The National Security Adviser Has No Heart - The Atlantic

The National Security Adviser Has No Heart - The Atlantic


The National Security Adviser Has No Heart - The Atlantic

Posted: 23 Jun 2019 07:35 AM PDT

I do not normally watch Tucker Carlson's Fox News show, but when the fate of the Earth is at stake, I make an exception. On Friday night, after an extraordinary week of brinkmanship in the Persian Gulf, Carlson delivered a seven-minute philippic against John Bolton, President Trump's national security adviser. Bolton is the most bellicose in the West Wing of the White House, and according to reports, he has advocated military action against Iran in retaliation for the attacks on oil tankers and the downing of a $130 million U.S. drone in the Strait of Hormuz.
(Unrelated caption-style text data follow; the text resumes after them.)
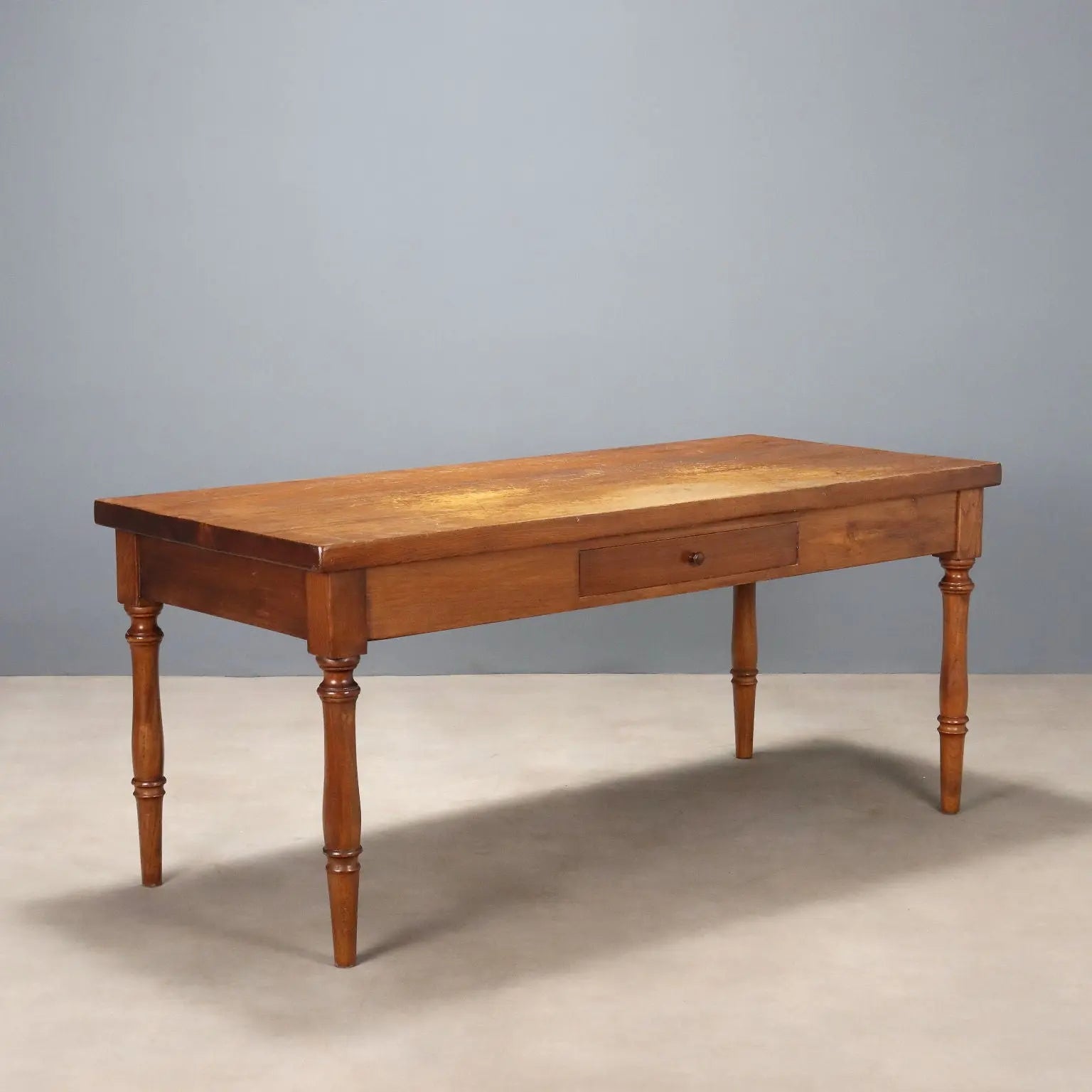 Antique Table Oak with Drawer Shaped Feet Italy XX Century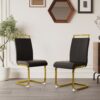 Dining Chairs (Set of 4), Side Dining Room Chairs With Golden Legs, Kitchen Chairs With Padded Seat High Back For Dining, Kitchen, Living Room - Black - Image 8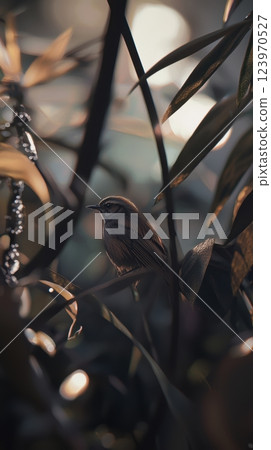 A Beautiful Bird Perched Gracefully Among Lush Green Foliage in the Soft Gentle Light 123970527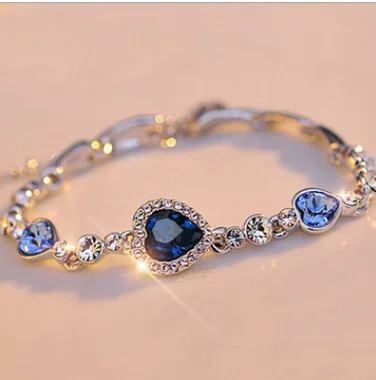 Fashion Ladies Full Rhinestone Bangle Ocean Heart Crystal Bracelet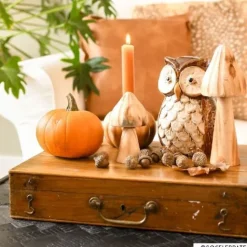 Xenos Paddenstoel - hout - ø7x20 cm- Decoratieve Beelden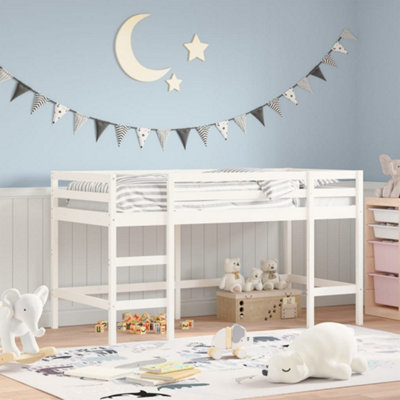 Berkfield Kids' Loft Bed with Ladder White 80x200 cm Solid Wood Pine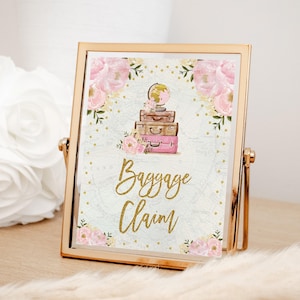 Gepäck Anspruch Zeichen, Vintage Reise Brautdusche druckbare, Pink Gold Reisen von Miss zu Mrs, Instant Download, Hochzeit TRA3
Trump says he called off a military strike with an hour to go—reportedly on the private advice of Carlson.

On his show, Carlson described Bolton as "a bureaucratic tapeworm. Try as you might, you can't expel him." (Bolton served in three Republican administrations before Trump but was out of government from 2006 until his appointment to head the National Security Council last year.) He and other neoconservatives had beguiled previous presidents of both parties into invading and destabilizing stable countries such as Syria, Libya, and Iraq. They are parasites, Carlson said, and Bolton would "live forever in the bowels of the federal agencies, periodically reemerging to cause pain and suffering but never suffering himself."

Carlson is wrong about tapeworms, which usually get expelled after a single dose of praziquantel, and do damage only before emerging, not after. Is he also wrong about Bolton? I profiled Bolton for the magazine in April and found the accusation that he is a neoconservative wrong. Bolton isn't that sentimental. He served with neoconservatives in the second Bush administration, but unlike them he harbored few illusions about America's ability to bring democracy to the Muslim world by means of cruise missiles and U.S. Marines. Instead he agrees with Trump: America must be made great again, and the rest of the planet can go to hell if it tries to stand in our way. Trump bombed ISIS indiscriminately, but he happily befriends tyrants if they join Team America. Bolton is no different. His closest friends among the Iranian opposition belong to the Mujahedin-e Khalq, a cultlike religious group that was still a State Department–designated foreign terrorist organization when he spoke at one of its rallies in Paris. The group hates the Iranian government, though.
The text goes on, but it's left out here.